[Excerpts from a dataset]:

++++

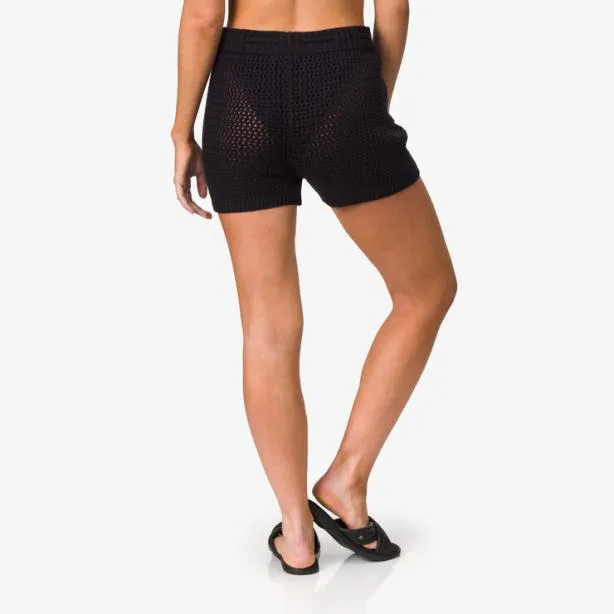 Sets Women REEF Mika Sweater Short Caviar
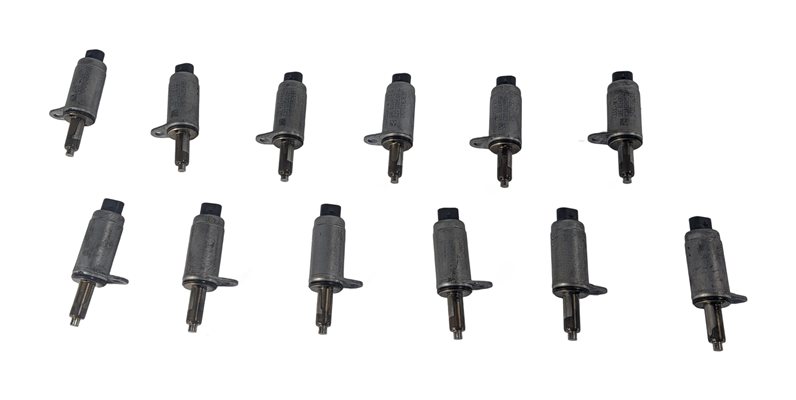Thumbnail 3: 2010 AUDI Q5 B8 8R 3.2L CALB FSI ENGINE CAMSHAFT ADJUSTER SOLENOID VALVE SET/12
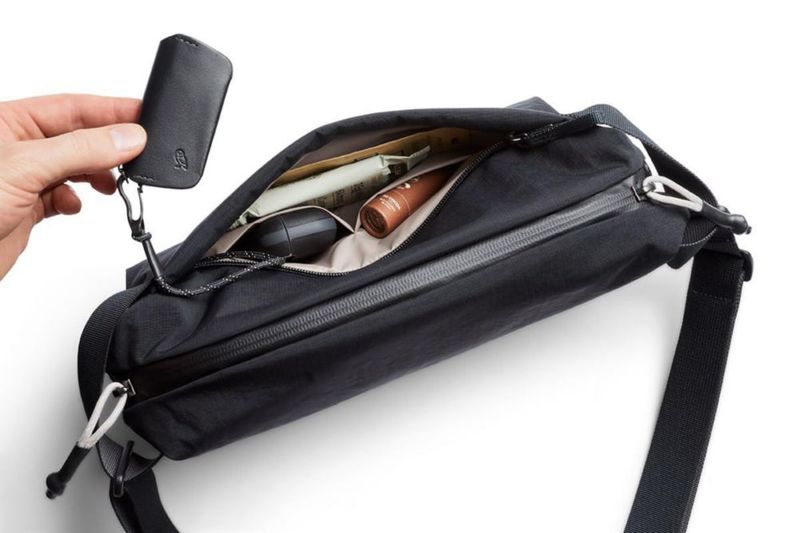 Riñonera Bellroy Lite Sling Negra 20 × 30 × 10 cm
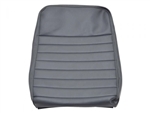 DA4592 - Centre Seat Covering in Grey Vinyl for Land Rover Defender - Seat Back - Fits 1998-2006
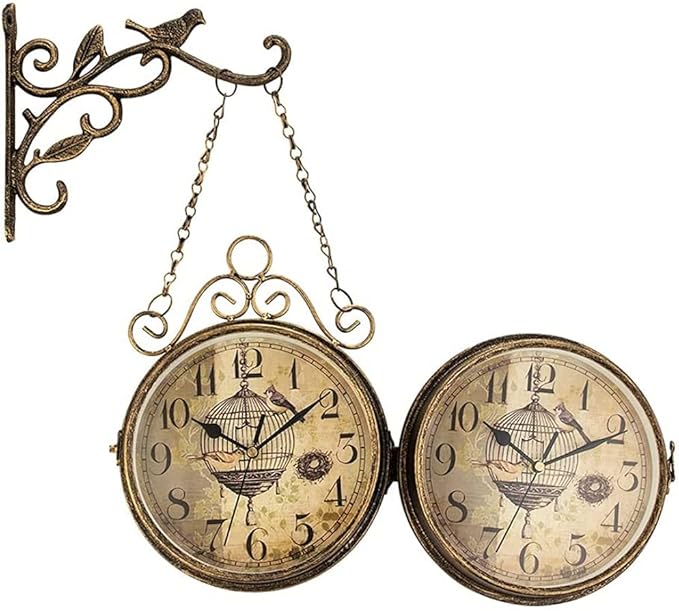 Lisslune | EcoStation - Vintage inspired train station clock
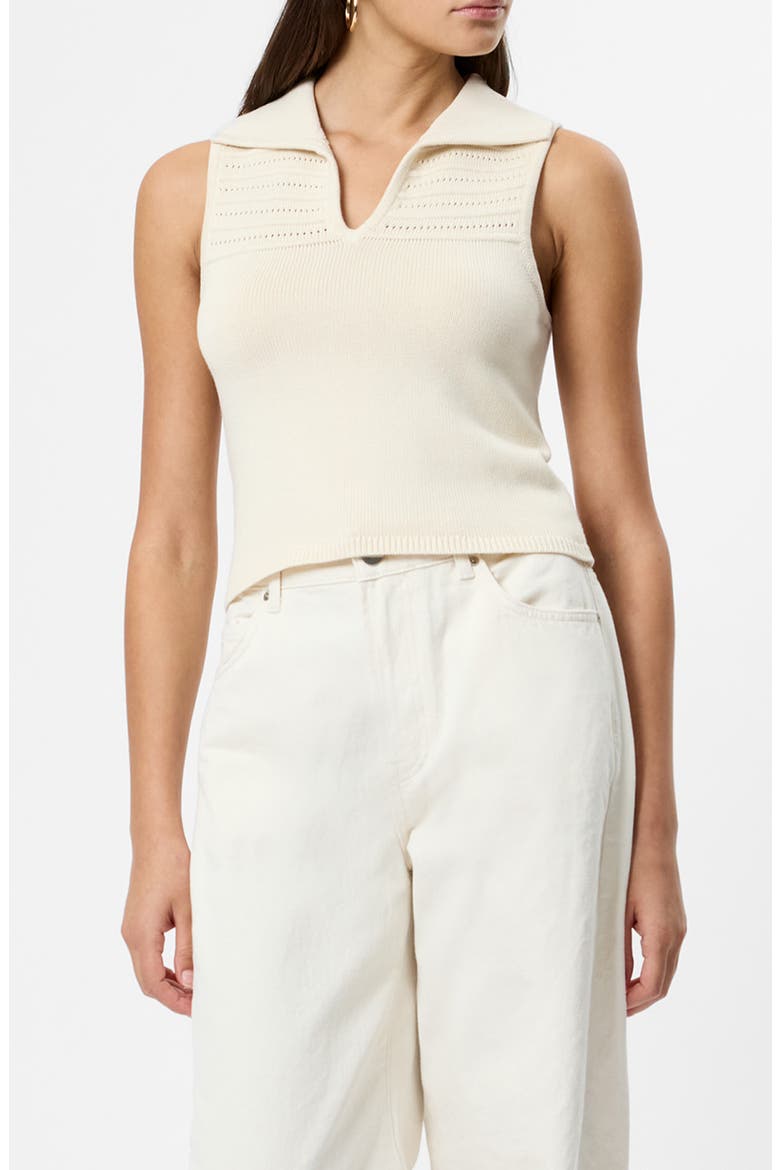 Nellis Pointelle Stitch Sweater Tank, Main, color, ECRU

++++

[Problem]:
Retype all the records shown above, character for character. Omit every picture.

[Exercise output]:
 Sets Women REEF Mika Sweater Short Caviar
Thumbnail 3: 2010 AUDI Q5 B8 8R 3.2L CALB FSI ENGINE CAMSHAFT ADJUSTER SOLENOID VALVE SET/12
 Riñonera Bellroy Lite Sling Negra 20 × 30 × 10 cm
 DA4592 - Centre Seat Covering in Grey Vinyl for Land Rover Defender - Seat Back - Fits 1998-2006
 Lisslune | EcoStation - Vintage inspired train station clock
 Nellis Pointelle Stitch Sweater Tank, Main, color, ECRU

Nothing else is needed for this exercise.